Please address review comments and resubmit

# DPDK Patch Review: net: fix parsing of frames with arbitrary VLAN stacks

**Patch:** net-fix-parsing-of-frames-with-arbitrary-VLAN-stacks.patch  
**Author:** Gregory Etelson <getelson@nvidia.com>  
**Patchwork ID:** 158350  
**Reviewer:** Stephen Hemminger  
**Date:** January 14, 2026

---

## Summary

This patch fixes `rte_net_get_ptype()` to handle arbitrary VLAN header stacks instead of only the two standard configurations (single VLAN, QinQ+VLAN).
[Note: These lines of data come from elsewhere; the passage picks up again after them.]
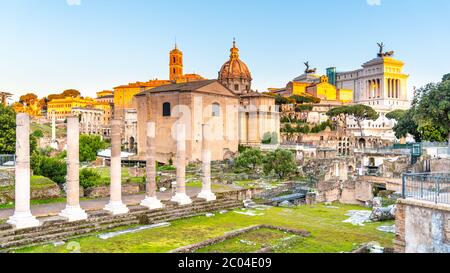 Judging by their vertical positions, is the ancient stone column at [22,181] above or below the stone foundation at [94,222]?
above

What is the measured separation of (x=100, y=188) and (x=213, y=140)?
80.1 ft

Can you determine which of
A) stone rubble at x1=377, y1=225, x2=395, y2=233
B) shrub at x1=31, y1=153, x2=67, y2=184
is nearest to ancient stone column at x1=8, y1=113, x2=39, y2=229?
shrub at x1=31, y1=153, x2=67, y2=184

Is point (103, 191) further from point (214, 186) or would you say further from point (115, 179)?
point (214, 186)

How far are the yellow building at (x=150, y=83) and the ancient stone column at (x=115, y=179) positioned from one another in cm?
6811

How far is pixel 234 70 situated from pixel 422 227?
5025 centimetres

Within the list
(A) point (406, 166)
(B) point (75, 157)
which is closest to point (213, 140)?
(A) point (406, 166)

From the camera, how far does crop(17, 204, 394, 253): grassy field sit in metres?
11.8

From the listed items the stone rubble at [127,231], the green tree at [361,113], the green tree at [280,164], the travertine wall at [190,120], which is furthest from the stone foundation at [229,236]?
the green tree at [361,113]

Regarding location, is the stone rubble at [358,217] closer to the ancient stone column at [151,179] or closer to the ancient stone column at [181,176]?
the ancient stone column at [181,176]

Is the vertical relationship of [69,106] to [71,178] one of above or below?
above

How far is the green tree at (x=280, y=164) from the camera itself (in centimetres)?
2866

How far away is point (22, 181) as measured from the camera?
1274cm

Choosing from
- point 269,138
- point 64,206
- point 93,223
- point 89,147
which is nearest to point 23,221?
point 93,223

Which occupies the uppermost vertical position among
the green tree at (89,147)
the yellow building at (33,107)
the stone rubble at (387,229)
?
the yellow building at (33,107) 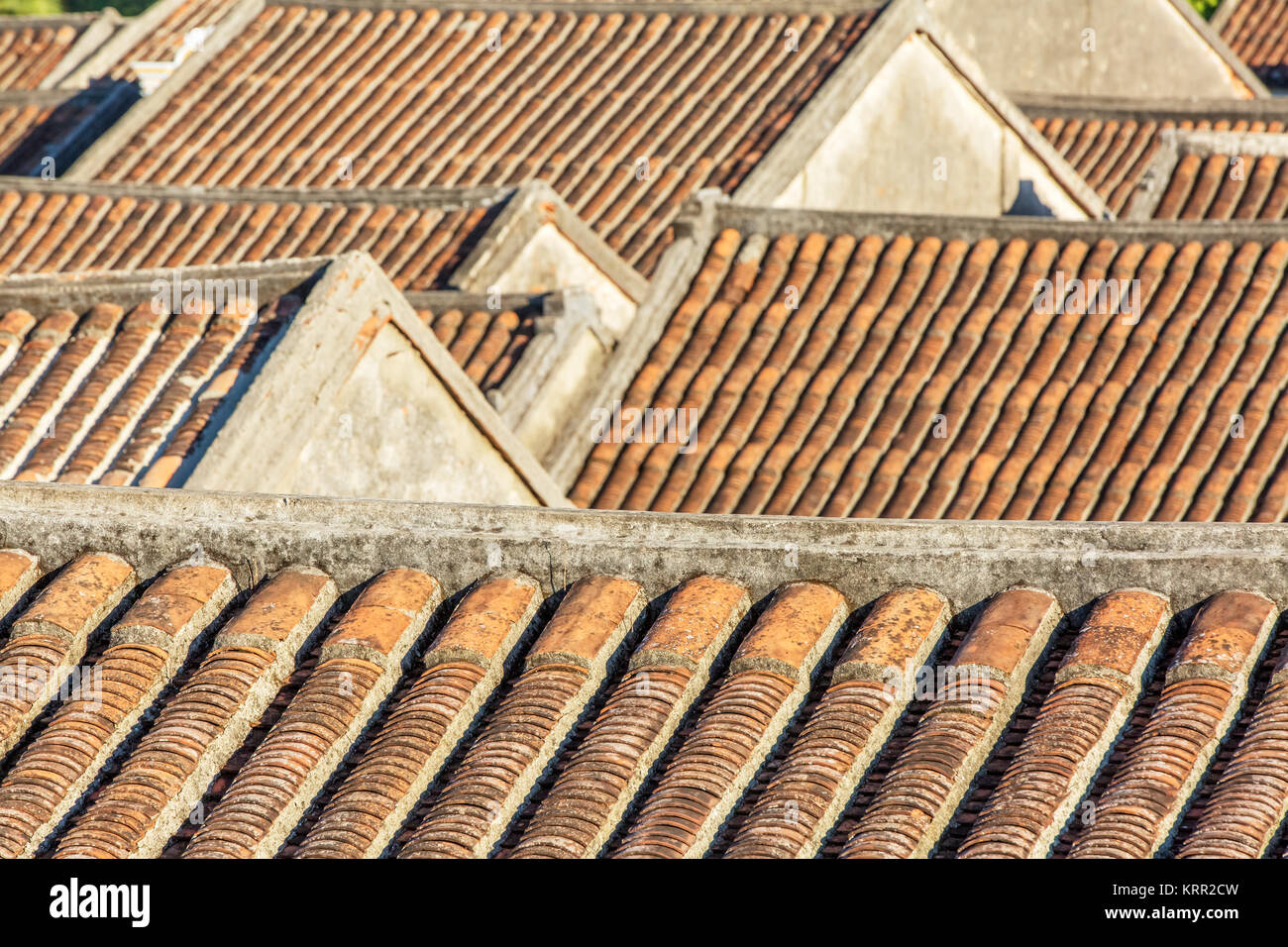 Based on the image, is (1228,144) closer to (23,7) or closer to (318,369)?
(318,369)

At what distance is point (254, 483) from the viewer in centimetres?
973

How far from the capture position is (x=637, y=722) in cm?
673

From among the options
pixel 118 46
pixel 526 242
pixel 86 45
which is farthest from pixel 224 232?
pixel 86 45

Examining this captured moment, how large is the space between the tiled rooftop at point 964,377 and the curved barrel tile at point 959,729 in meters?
5.75

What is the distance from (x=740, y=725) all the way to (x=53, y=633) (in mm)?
2867

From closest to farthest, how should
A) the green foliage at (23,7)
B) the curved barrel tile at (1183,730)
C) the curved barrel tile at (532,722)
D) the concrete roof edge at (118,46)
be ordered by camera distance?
1. the curved barrel tile at (1183,730)
2. the curved barrel tile at (532,722)
3. the concrete roof edge at (118,46)
4. the green foliage at (23,7)

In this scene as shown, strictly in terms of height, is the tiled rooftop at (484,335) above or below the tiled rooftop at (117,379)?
above

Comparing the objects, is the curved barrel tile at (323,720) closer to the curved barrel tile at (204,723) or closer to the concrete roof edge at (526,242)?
the curved barrel tile at (204,723)

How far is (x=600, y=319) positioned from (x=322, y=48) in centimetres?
882

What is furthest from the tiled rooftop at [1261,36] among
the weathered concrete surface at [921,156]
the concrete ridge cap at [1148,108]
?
the weathered concrete surface at [921,156]

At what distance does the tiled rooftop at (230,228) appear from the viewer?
16.5m

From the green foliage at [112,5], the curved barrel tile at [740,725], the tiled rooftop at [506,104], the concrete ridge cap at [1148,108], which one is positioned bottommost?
the curved barrel tile at [740,725]

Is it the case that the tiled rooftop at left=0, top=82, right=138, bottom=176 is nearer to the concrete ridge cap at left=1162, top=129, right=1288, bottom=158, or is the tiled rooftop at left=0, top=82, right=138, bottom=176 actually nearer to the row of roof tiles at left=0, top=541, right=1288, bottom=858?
the concrete ridge cap at left=1162, top=129, right=1288, bottom=158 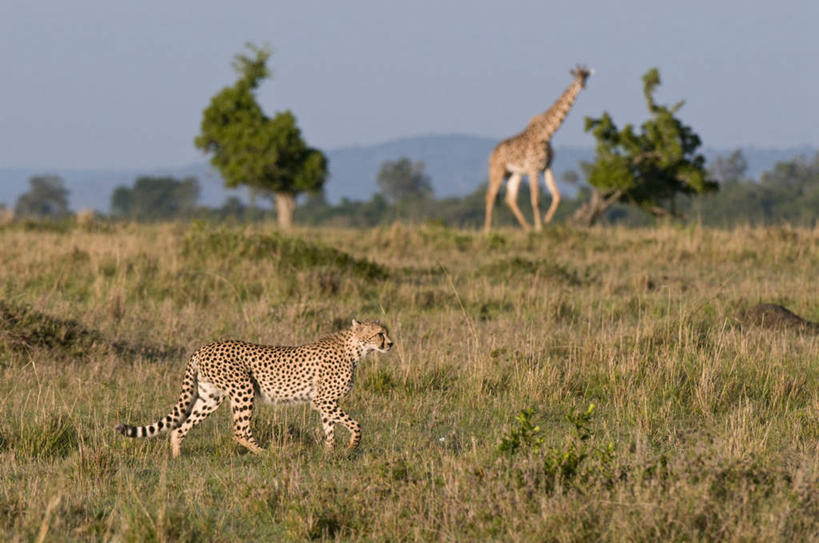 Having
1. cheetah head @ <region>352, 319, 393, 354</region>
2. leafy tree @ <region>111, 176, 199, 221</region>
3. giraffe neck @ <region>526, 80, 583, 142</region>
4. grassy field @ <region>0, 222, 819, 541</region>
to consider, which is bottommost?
grassy field @ <region>0, 222, 819, 541</region>

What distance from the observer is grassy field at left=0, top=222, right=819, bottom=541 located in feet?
15.0

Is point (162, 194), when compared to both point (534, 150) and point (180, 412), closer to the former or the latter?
point (534, 150)

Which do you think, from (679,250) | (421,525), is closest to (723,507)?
(421,525)

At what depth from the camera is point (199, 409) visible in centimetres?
587

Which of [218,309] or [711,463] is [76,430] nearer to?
[711,463]

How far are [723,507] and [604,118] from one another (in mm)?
21789

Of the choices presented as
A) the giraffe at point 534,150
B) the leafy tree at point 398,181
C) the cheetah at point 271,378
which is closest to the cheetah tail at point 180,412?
the cheetah at point 271,378

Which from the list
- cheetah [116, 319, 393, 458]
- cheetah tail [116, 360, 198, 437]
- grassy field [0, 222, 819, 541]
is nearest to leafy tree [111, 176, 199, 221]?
grassy field [0, 222, 819, 541]

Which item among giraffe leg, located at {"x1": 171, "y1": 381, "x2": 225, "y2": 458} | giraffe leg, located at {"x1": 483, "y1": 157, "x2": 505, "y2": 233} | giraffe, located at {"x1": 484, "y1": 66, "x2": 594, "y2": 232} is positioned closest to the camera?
giraffe leg, located at {"x1": 171, "y1": 381, "x2": 225, "y2": 458}

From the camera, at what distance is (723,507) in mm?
4543

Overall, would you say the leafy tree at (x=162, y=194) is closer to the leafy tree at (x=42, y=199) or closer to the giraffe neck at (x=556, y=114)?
the leafy tree at (x=42, y=199)

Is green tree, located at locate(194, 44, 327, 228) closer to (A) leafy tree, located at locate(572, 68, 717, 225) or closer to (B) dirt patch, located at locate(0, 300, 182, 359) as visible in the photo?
(A) leafy tree, located at locate(572, 68, 717, 225)

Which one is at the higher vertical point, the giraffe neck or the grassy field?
the giraffe neck

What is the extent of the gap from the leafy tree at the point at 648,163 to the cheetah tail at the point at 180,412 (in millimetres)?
19742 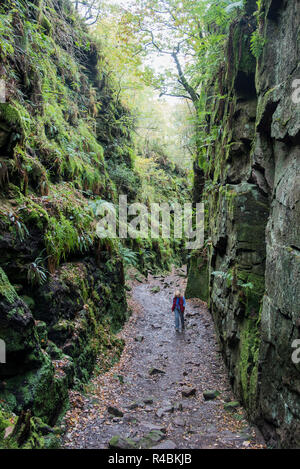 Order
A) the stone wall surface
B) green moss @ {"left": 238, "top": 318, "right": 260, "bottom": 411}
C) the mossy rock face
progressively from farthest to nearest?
1. the mossy rock face
2. green moss @ {"left": 238, "top": 318, "right": 260, "bottom": 411}
3. the stone wall surface

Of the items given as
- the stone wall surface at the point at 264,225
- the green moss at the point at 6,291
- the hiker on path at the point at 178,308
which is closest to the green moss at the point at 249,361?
the stone wall surface at the point at 264,225

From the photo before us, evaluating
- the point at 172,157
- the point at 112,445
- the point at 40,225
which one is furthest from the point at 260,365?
the point at 172,157

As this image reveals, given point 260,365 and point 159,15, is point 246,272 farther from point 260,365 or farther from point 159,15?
point 159,15

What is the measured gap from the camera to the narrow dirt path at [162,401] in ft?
14.2

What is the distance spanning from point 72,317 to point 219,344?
4.51 metres

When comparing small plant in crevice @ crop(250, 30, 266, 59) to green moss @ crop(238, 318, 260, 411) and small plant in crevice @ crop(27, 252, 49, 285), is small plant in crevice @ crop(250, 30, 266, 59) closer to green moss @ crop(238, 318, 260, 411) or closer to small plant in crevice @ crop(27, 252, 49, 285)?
green moss @ crop(238, 318, 260, 411)

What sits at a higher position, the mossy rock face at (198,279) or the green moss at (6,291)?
the green moss at (6,291)

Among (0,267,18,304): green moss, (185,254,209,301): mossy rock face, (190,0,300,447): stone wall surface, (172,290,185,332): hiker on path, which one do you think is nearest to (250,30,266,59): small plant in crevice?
(190,0,300,447): stone wall surface

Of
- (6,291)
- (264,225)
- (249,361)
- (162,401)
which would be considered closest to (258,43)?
(264,225)

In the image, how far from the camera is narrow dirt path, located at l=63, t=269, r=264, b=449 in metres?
4.33

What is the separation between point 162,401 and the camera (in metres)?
5.79

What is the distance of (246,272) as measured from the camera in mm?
5895

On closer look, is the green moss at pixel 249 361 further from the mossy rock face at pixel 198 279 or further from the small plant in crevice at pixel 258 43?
the mossy rock face at pixel 198 279

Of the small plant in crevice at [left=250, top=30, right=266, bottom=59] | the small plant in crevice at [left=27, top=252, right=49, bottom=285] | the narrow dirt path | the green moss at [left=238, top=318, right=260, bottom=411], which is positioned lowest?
the narrow dirt path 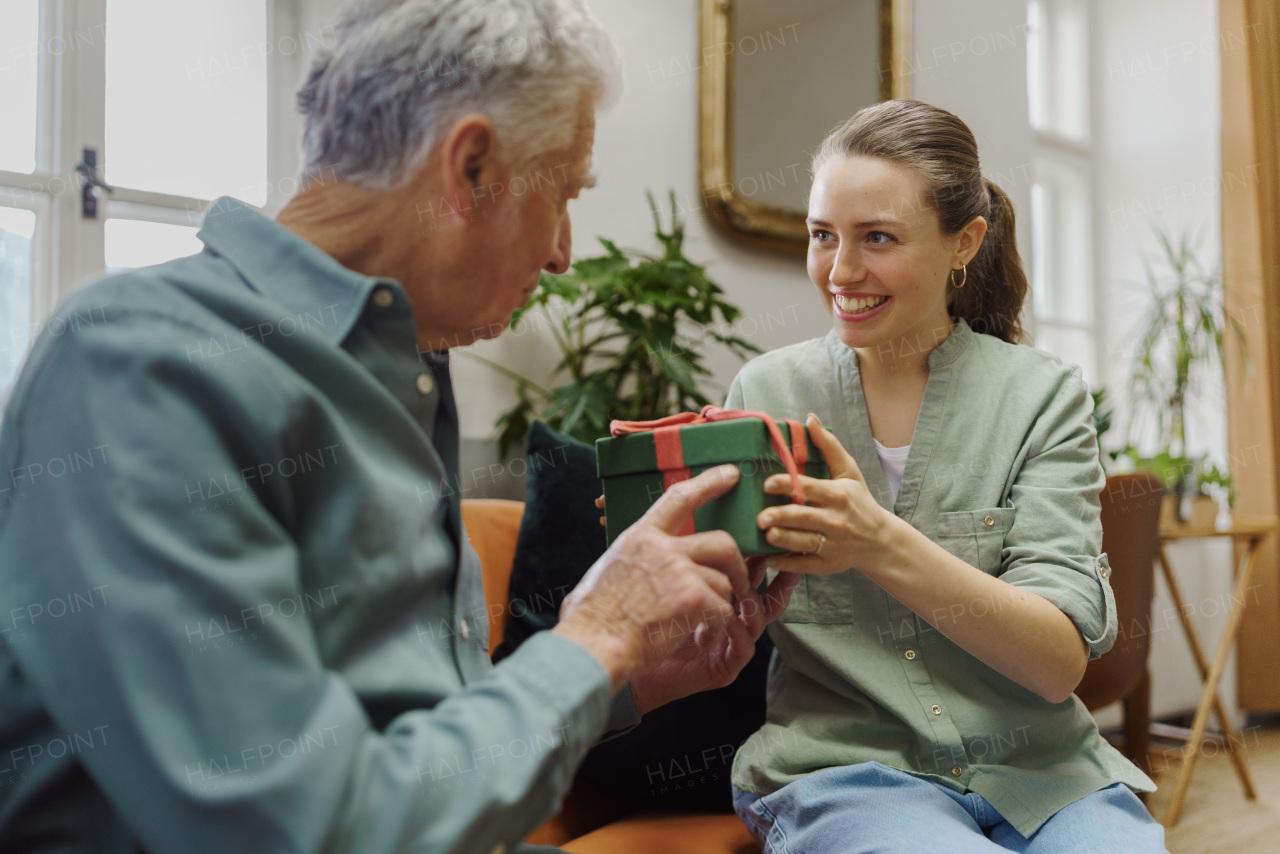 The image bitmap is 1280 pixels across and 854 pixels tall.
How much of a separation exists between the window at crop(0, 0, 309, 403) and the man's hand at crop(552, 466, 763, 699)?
1139 millimetres

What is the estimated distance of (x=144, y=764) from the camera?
1.84 feet

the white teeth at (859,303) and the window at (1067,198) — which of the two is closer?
the white teeth at (859,303)

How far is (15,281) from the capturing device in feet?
6.07

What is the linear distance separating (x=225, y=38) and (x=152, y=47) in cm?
16

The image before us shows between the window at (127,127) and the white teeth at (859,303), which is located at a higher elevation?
the window at (127,127)

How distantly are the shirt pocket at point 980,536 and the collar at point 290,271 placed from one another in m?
0.77

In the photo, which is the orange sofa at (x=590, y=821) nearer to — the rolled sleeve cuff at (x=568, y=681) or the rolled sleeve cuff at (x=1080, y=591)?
the rolled sleeve cuff at (x=1080, y=591)

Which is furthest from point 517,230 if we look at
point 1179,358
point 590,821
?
point 1179,358

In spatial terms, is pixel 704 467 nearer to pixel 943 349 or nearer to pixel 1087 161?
pixel 943 349

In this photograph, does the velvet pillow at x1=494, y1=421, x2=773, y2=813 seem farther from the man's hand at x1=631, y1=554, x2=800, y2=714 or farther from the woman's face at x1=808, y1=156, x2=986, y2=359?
the woman's face at x1=808, y1=156, x2=986, y2=359

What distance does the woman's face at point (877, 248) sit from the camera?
1.29m

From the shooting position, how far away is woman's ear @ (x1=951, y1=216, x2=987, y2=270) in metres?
1.37

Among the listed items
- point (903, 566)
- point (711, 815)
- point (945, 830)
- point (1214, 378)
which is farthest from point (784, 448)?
point (1214, 378)

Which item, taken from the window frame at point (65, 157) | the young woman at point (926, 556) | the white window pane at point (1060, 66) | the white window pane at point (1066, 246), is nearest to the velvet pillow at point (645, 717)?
the young woman at point (926, 556) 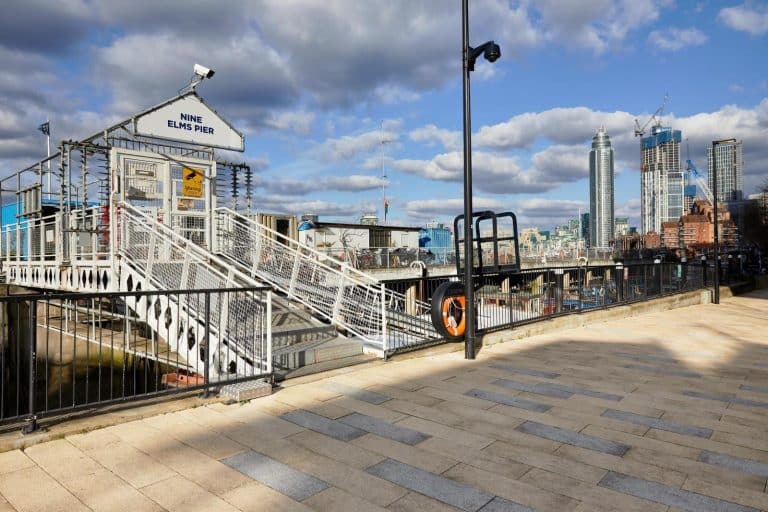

The fix is correct and well-motivated.

---

## Commit Message Checklist

| Check | Status | Notes |
|-------|--------|-------|
| Subject ≤60 chars | ✓ | 50 characters |
| Lowercase after colon | ✓ | |
| Correct prefix | ✓ | `net:` correct for `lib/net/` |
| Imperative mood | ✓ | "fix parsing" |
| No trailing period | ✓ | |
| Body ≤75 chars | ✓ | Lines within limit |
| Body doesn't start with "It" | ✓ | Starts with "The" |
| Fixes: tags | ✓ | Two fixes with 12-char SHA |
| Cc: stable@dpdk.org | ✓ | Present |
| Signed-off-by | ✓ | Real name and email |
| Tag order | ✓ | Fixes → Cc → Signed-off-by |

**Commit message is well-written** — good problem description with concrete examples showing incorrect vs expected behavior.

---

## Code Review

### Correctness: ✓ Good

The refactoring is sound:

- Replaces fragile if/else with a `while` loop that iterates through any VLAN/QinQ stack
- Uses `|=` instead of `=` to accumulate ptype bits, preserving `RTE_PTYPE_L2_ETHER`
- Each header is read and validated individually via `rte_pktmbuf_read()`
- Loop terminates safely when packet data exhausted (NULL return) or non-VLAN ethertype encountered

### Old Behavior Flaw

The QinQ branch assumed exactly one inner VLAN and skipped 2 headers at once, reading only the second. This failed for stacks like QinQ/QinQ/VLAN.

### New Behavior

Processes each VLAN/QinQ header individually regardless of nesting depth.

---

## Suggestions

### Warning (should consider)

1. **Unbounded loop concern** — While the NULL check provides safety against buffer overrun, a malicious or malformed packet with many consecutive VLAN tags could cause CPU spin. Consider adding a reasonable iteration limit:

```c
#define RTE_NET_VLAN_MAX_DEPTH 8  /* or similar reasonable bound */
unsigned int vlan_depth = 0;

while ((proto == rte_cpu_to_be_16(RTE_ETHER_TYPE_VLAN) ||
        proto == rte_cpu_to_be_16(RTE_ETHER_TYPE_QINQ)) &&
       vlan_depth++ < RTE_NET_VLAN_MAX_DEPTH) {
```

This is probably overkill for typical use but would make the parser more defensive.

### Info (minor style)

2. **Ternary formatting** — The nested ternary inside the `|=` is a bit dense. Consider:

```c
if (proto == rte_cpu_to_be_16(RTE_ETHER_TYPE_VLAN))
    pkt_type |= RTE_PTYPE_L2_ETHER_VLAN;
else
    pkt_type |= RTE_PTYPE_L2_ETHER_QINQ;
```

This is clearer and costs nothing. The ternary version works fine though.

---

## Verdict

**Reviewed-by worthy** — The patch correctly fixes a real parsing limitation. The code change is minimal, correct, and well-explained.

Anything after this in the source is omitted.